[LLVMdev] A simpler method to reject undefined encodings

Mihail Popa mihail.popa at gmail.com
Wed May 1 07:30:30 PDT 2013


Tim, Jim,

I don't think it would be very helpful if such a method will act on the
MCInst alone. The reason is that certain conditions are far easier and less
error prone to check for directly on bitpatterns.
Take for example the following two NEON instructions: vhadd.i32 d0,
d1, d2and vhadd.i32
q0, q1,q2.

If all we have is the MCInst, then it gets difficult to check the
restriction I mentioned:

1. it will be hard to tell the operands apart.
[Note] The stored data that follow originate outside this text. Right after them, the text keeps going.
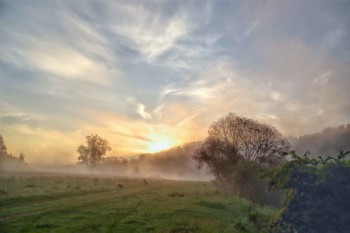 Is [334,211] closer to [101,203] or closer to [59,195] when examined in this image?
[101,203]

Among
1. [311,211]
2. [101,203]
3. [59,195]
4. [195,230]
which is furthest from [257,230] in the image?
[59,195]

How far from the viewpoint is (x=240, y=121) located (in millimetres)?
64750

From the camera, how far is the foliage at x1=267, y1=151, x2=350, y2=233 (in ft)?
32.3

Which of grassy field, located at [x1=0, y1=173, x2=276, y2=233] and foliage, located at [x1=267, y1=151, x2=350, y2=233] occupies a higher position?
foliage, located at [x1=267, y1=151, x2=350, y2=233]

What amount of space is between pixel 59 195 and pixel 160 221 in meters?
17.8

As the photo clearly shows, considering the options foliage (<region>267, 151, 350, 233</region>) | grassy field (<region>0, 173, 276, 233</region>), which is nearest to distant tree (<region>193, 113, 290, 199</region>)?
grassy field (<region>0, 173, 276, 233</region>)

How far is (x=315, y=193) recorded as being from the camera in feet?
34.5

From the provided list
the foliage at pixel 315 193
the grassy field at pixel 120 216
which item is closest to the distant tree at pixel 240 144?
the grassy field at pixel 120 216

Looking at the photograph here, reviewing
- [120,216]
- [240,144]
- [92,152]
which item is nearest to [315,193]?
[120,216]

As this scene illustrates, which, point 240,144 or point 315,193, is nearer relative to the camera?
point 315,193

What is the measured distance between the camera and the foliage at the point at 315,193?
9.84 metres

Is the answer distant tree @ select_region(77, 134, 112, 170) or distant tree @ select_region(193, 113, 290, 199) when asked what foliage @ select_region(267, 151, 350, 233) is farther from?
distant tree @ select_region(77, 134, 112, 170)

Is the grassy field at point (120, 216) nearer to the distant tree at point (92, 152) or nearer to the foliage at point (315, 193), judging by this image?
the foliage at point (315, 193)

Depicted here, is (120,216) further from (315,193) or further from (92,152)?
(92,152) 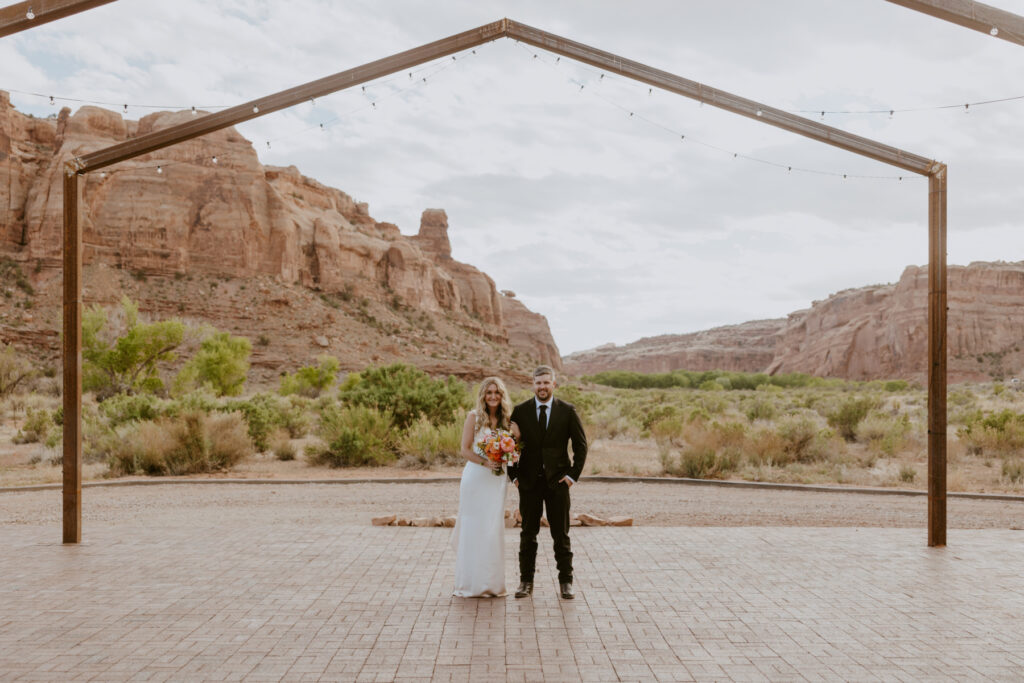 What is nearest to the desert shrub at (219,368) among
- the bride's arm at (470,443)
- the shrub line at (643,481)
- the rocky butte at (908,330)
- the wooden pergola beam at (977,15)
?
the shrub line at (643,481)

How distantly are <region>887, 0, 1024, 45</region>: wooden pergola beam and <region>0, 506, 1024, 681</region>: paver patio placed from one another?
4.83 metres

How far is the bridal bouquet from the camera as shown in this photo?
6.72 m

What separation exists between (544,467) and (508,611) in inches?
50.1

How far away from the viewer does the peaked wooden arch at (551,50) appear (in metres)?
8.95

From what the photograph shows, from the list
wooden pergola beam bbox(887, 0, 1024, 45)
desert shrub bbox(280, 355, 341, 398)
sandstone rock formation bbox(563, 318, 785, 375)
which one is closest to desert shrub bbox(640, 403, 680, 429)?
wooden pergola beam bbox(887, 0, 1024, 45)

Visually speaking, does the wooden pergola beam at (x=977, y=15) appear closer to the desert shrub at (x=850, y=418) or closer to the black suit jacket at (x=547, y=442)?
the black suit jacket at (x=547, y=442)

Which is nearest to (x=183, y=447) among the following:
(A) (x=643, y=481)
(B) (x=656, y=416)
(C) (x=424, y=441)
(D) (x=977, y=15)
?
(C) (x=424, y=441)

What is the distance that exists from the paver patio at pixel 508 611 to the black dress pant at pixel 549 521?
306mm

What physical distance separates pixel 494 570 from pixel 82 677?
3182mm

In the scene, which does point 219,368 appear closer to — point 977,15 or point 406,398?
point 406,398

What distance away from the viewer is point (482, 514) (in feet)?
22.5

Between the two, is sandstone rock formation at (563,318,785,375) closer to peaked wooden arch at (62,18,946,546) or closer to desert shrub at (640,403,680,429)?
desert shrub at (640,403,680,429)

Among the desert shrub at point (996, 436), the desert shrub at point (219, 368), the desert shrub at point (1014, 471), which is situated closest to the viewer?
the desert shrub at point (1014, 471)

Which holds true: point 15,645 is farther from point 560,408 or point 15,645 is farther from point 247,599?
point 560,408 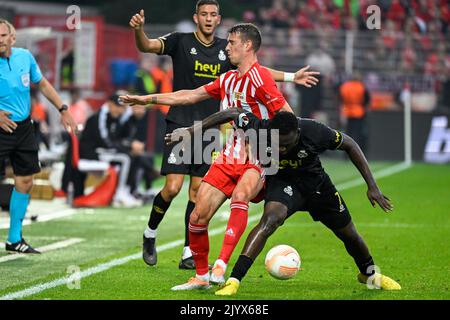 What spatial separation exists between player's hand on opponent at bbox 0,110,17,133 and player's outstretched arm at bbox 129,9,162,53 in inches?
71.0

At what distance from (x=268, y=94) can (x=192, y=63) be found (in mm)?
1754

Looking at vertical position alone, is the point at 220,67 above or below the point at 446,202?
above

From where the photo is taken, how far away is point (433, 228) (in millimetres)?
15133

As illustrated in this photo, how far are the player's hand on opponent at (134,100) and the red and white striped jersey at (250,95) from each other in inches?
27.0

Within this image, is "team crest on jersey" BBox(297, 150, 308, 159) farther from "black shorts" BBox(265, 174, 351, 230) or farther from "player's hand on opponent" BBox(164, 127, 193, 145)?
"player's hand on opponent" BBox(164, 127, 193, 145)

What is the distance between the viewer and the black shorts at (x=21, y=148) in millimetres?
12031

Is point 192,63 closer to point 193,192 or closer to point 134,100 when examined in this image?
point 193,192

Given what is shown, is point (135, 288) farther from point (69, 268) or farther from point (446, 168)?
point (446, 168)

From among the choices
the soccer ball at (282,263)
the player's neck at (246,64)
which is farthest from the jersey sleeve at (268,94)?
the soccer ball at (282,263)

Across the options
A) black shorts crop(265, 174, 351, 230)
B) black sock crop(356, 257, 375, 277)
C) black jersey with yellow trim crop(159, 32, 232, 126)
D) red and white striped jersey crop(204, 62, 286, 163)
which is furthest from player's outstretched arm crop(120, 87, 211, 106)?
black sock crop(356, 257, 375, 277)

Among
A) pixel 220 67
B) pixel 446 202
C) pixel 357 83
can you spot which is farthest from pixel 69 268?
pixel 357 83

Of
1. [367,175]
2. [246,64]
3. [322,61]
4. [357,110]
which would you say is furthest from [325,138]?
[322,61]

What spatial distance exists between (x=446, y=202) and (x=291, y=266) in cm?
1001

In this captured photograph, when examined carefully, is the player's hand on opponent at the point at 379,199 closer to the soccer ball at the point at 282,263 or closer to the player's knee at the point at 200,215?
the soccer ball at the point at 282,263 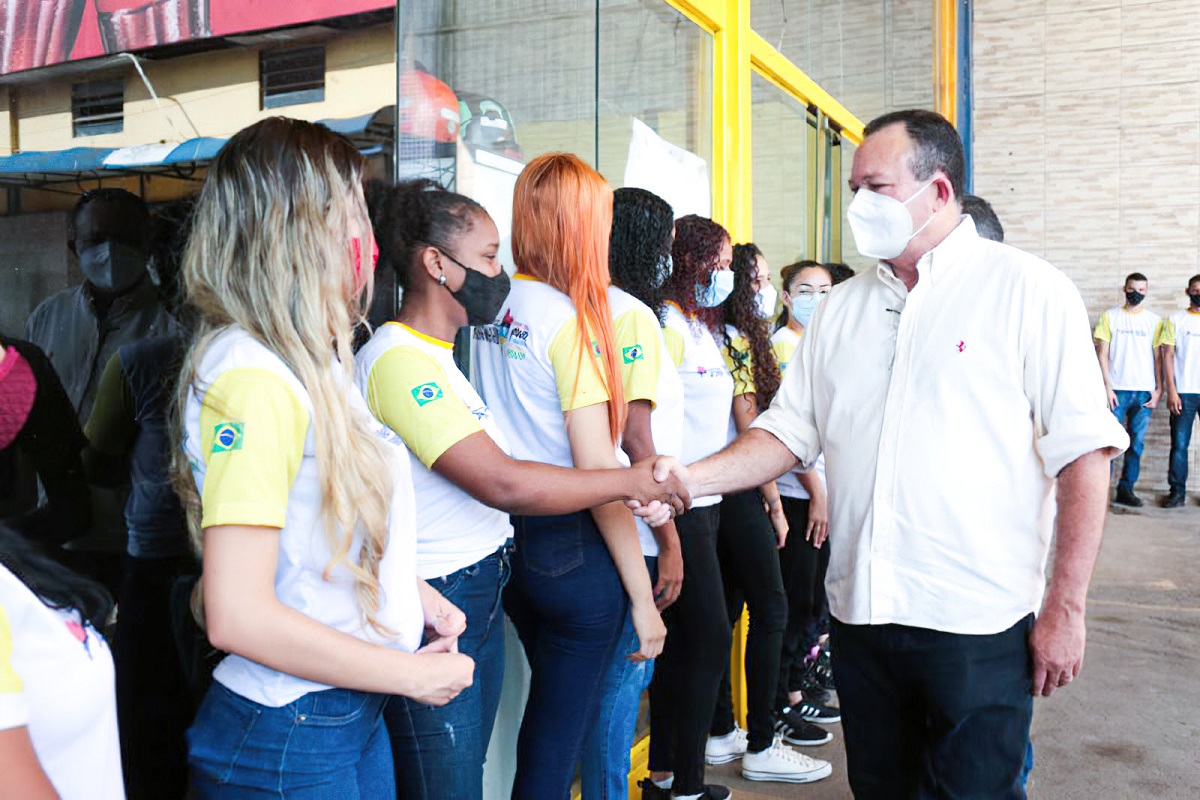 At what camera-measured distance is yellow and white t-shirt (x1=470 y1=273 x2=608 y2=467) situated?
2.03 m

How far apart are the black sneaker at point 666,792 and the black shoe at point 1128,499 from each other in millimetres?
7607

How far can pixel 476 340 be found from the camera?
7.27 feet

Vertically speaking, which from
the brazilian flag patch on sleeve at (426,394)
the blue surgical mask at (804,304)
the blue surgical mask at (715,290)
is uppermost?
the blue surgical mask at (804,304)

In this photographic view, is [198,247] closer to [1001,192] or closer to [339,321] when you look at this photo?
[339,321]

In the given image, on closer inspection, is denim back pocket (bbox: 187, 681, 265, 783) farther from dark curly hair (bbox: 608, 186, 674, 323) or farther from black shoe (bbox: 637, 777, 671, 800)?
black shoe (bbox: 637, 777, 671, 800)

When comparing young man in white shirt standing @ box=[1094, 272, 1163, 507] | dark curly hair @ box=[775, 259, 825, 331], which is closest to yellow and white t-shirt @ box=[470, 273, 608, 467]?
dark curly hair @ box=[775, 259, 825, 331]

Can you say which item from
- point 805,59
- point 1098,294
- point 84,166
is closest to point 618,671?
point 84,166

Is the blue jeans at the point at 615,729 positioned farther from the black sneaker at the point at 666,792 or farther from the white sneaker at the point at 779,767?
the white sneaker at the point at 779,767

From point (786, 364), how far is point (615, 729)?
5.59 feet

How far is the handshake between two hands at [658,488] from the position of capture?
1990 mm

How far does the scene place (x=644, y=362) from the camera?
2195 mm

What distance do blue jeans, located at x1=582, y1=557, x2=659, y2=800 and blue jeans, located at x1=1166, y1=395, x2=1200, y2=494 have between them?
8473 millimetres

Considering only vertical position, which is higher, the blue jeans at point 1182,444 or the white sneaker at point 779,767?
the blue jeans at point 1182,444

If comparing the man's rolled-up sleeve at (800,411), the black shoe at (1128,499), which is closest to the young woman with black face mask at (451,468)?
the man's rolled-up sleeve at (800,411) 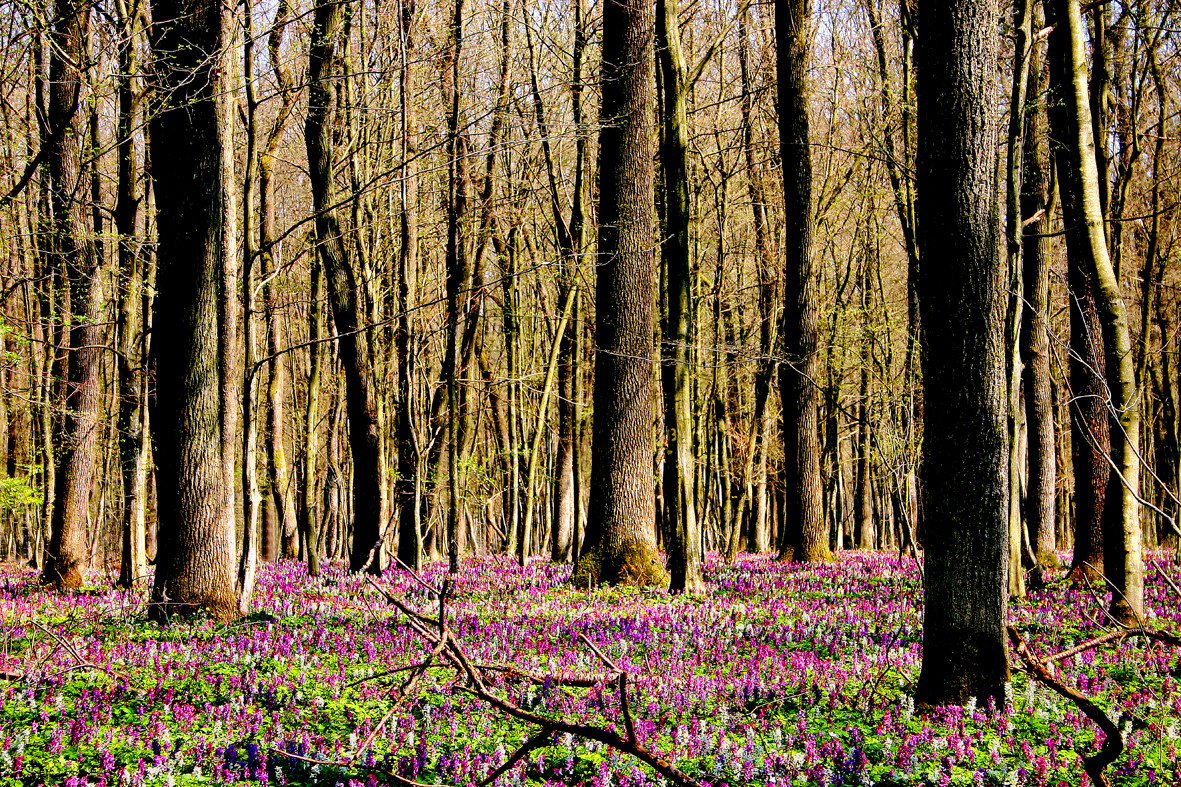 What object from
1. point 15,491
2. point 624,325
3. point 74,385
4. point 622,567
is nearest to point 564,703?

While it is true that the
operands of the first instruction will be part of the set  { ARM::D0, ... ,
ARM::D31 } while the operands of the second are part of the set { ARM::Q0,
... , ARM::Q15 }, they are only enums and not type safe. They only way to
check that a register operand belongs to one set or another is to test for
boundaries of the enum sets. However this now becomes dependent on
tablegen's behaviour - to my knowledge there is no guarantee that enums
representing registers from the same register file will be dumped in
sequence. It is natural behaviour, but unless it's clearly documented this
happens we should not rely on this.

2. Remember the nature of the restriction: every time bit Q == 1, the
encoded register fields need to contain even numbers. I do not have access
to the Q bit, so I would need to take into account the value of the opcode
and remember which are the opcodes represent encodings with Q == 1.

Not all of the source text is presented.